FIG. 8 shows an alternate method for achieving multispectral images using a filter wheel with a single TDI detector. In this example, there are 6 color bands (m=6) that are acquired by sequentially integrating the TDI detector with each color in the color wheel then switching to the next color. This results in reduced parallax offset as the offset between arrays is now eliminated.
In conventional analog TDI scanning detectors (e.g. CCD's), the TDI integration is done by transferring and accumulating the charge along each cascade (for example, each row) in the array in-phase with the image motion to build up photo electrons. Once the image reaches the end of the cascade, photo electrons are dumped onto an output node and converted into digital values.

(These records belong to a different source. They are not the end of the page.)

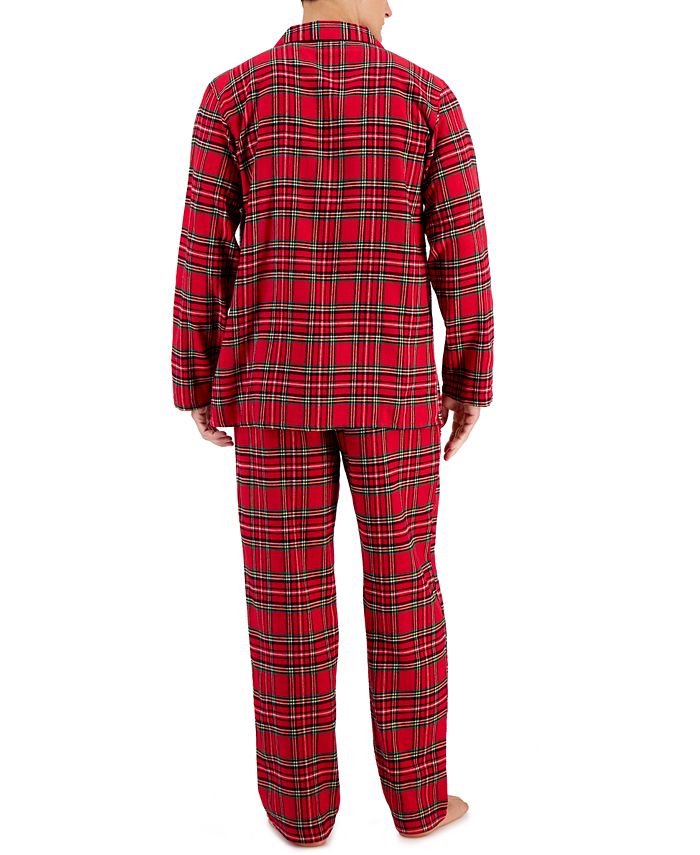 Club Room Men's Tartan Plaid Flannel Pajama Top & Pants Set, Created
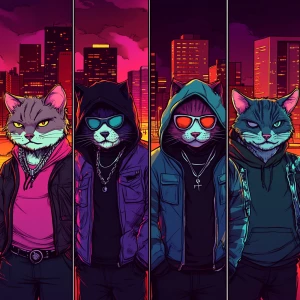 A group of five gangster cats, each with unique outfits (hoodie,...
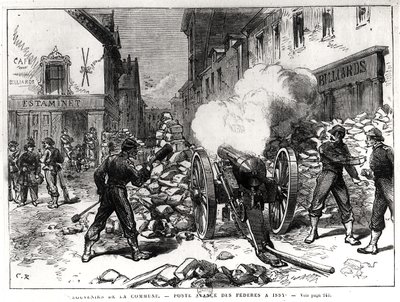 Pariserkommunen: En barrikade ved Issy, 2. maj 1871 (gravering) (bw-foto) af French School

The digital TDI system accumulates signal electrons by frame stepping where each frame is completely readout to the accumulator and summed with the next frame in the sequence. In the digital TDI domain, the integration occurs in the accumulator, after the photo charge has been detected and converted to a digital value. An example of digital accumulation, and pixel-by-pixel summation (integration of photo electrons in the analog domain), which is in-phase with the image motion is shown in FIG. 2.
As shown in FIG. 2, the scan direction of the imager is from right to left in the x-direction, and time is sequenced in the y-direction. The image array includes one row of six detectors (A-F) oriented along the “in-track” or x-direction. Thus, a snap, or frame image consists of six pixels (a detector may be referred to herein as a pixel, once a digital value has been assigned to the analog voltage outputted by the detector). Each frame 21 in the example is shifted by one pixel, which is less than the array size of six detectors. The number of pixels shifted may be determined by a system controller (not shown), which may be external to the CMOS ROIC; the amount of shift may be based on the relative speed of the imager with respect to the scene under observation. The number of pixels shifted may be greater than one pixel, and may be dynamically controlled by the system controller.

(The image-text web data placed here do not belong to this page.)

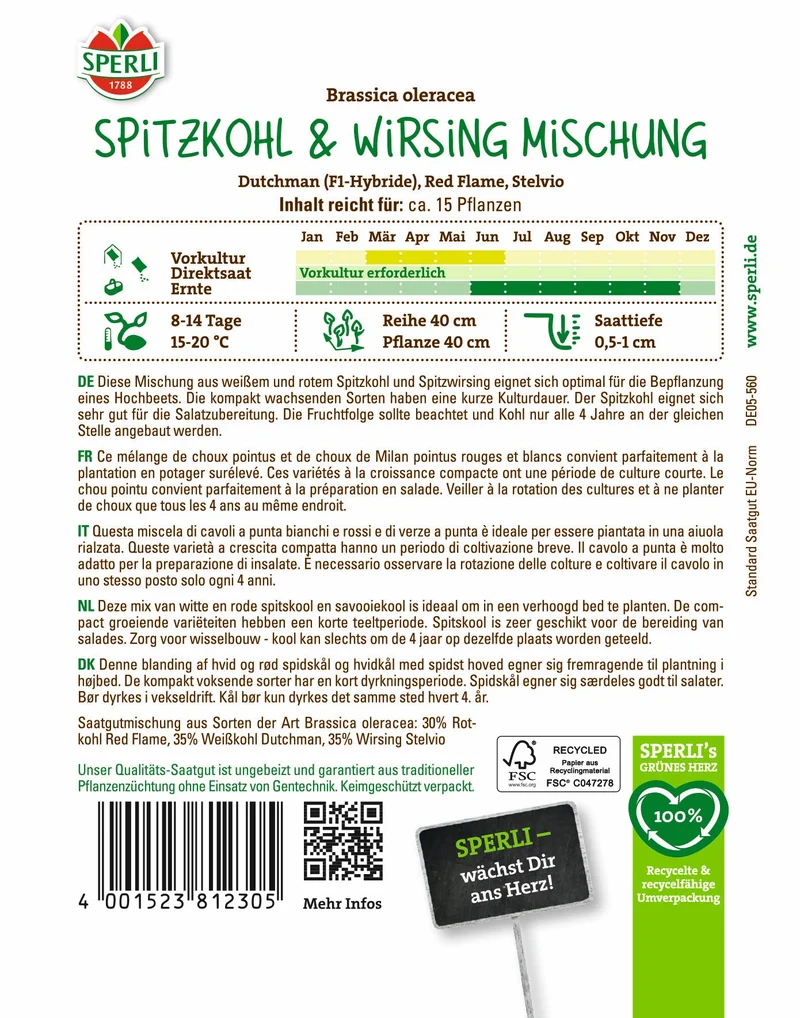 SPERLI Spitzkohl & Wirsing-Samen
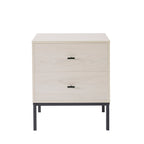 Dusklia - Willow 2 Drawer Bedside Table - Light Wood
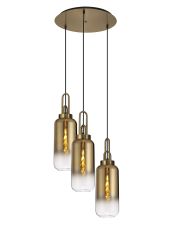 Urasawa 51cm Round 3 Light Pendant With 16cm Cylinder Glass, Brass Gold/Matt Black Brass Gold/Clear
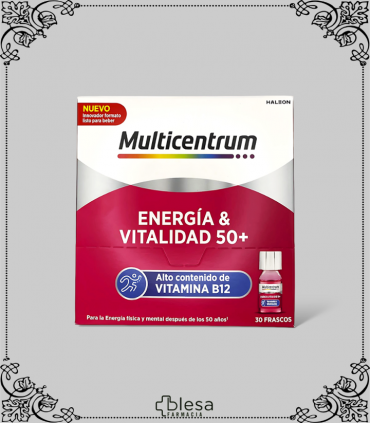 Vitalidad en cada frasco: Multicentrum 50+, 30 dosis de energía pura.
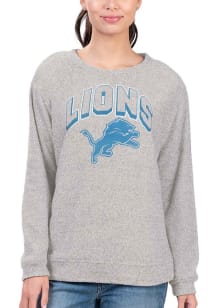 Detroit Lions Womens Grey Cozy Crew Sweatshirt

Each frame 21 is completely read out to an accumulator and summed with the next frame 21 in an accumulation sequence, designated as 22. Thus, pixel B of frame 1 and pixel A of frame 2 are summed in the sequence. Next, pixel A of frame 3 is added to pixels C and B of respective frames 1 and 2. By the time the imager has moved to frame 6, the accumulation sequence includes the sum of pixels A-F from frames 1-6, respectively. Accordingly, the first column of full TDI accumulation occurs after frame 6 is snapped and summed by the imager.
The example of FIG. 2 depicts a digital TDI sequence showing accumulation for a single color band. A TDI walk-on for the single band is 5 frames and a full TDI occurs at 6 frames. A TDI walk-off, which is similar to the TDI walk-on, is also 5 frames, as shown. In general, however, if more than one band is desired, the number of columns required is as follows:Columns=Bands×TDI
Accordingly, if the required TDI is 6 and the number of color bands required are 4 (as shown in the example of FIG. 1), the number of necessary columns become 24 (four accumulators needed). With four bands, a width of 24 columns is required. In the example of FIG. 1, the in-track spatial offset between arrays would produce significant parallax error in remote sensing systems, because the pixels in the final image require spatial alignment. For larger color arrays, the parallax error between the first and last color band can make the imagery unusable.
As will be explained, the present invention overcomes the aforementioned parallax error by providing multiple register banks which have the capability to accumulate multiple interlaced images, while only using a single accumulation ROIC per detector array.